Segnalazione e massima a cura degli avvocati Mauro Meneghini e Antonio Restiglian.

L'erogazione di un mutuo a imprenditore, la cui insolvenza sia nota o conoscibile da parte del mutuante, integra operazione contraria all'ordine pubblico (rilevando come principio di ordine pubblico quello che vieta la prosecuzione di imprese che versino in stato di crisi non reversibile) e al buon costume (inteso come patrimonio etico comune agli operatori economici nell'attuale contesto storico), nonché fattispecie di rilievo penale (ai sensi della legge fallimentare); dal che la nullità del mutuo ex art. 1418 secondo comma c.c..
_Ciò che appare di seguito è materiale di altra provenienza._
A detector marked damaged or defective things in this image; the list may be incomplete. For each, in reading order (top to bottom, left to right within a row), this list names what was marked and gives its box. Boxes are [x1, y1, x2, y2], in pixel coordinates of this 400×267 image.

Quanto al diritto di ripetizione (che ne dovrebbe derivare ex art. 2033 c.c.), opera la c.d. soluti retentio (art. 2035 c.c.) in relazione alla prestazione eseguita per uno scopo contrario al buone costume, tale potendo definirsi appunto la prestazione di finanziamento a un'impresa in stato di crisi non reversibile, dal momento che l'espansione dei relativi debiti non esprime alcuna utilità sociale, ma al contrario reca pregiudizio alla massa dei creditori e più in generale altera la correttezza delle relazioni di mercato (art. 41 comma 2 Cost.)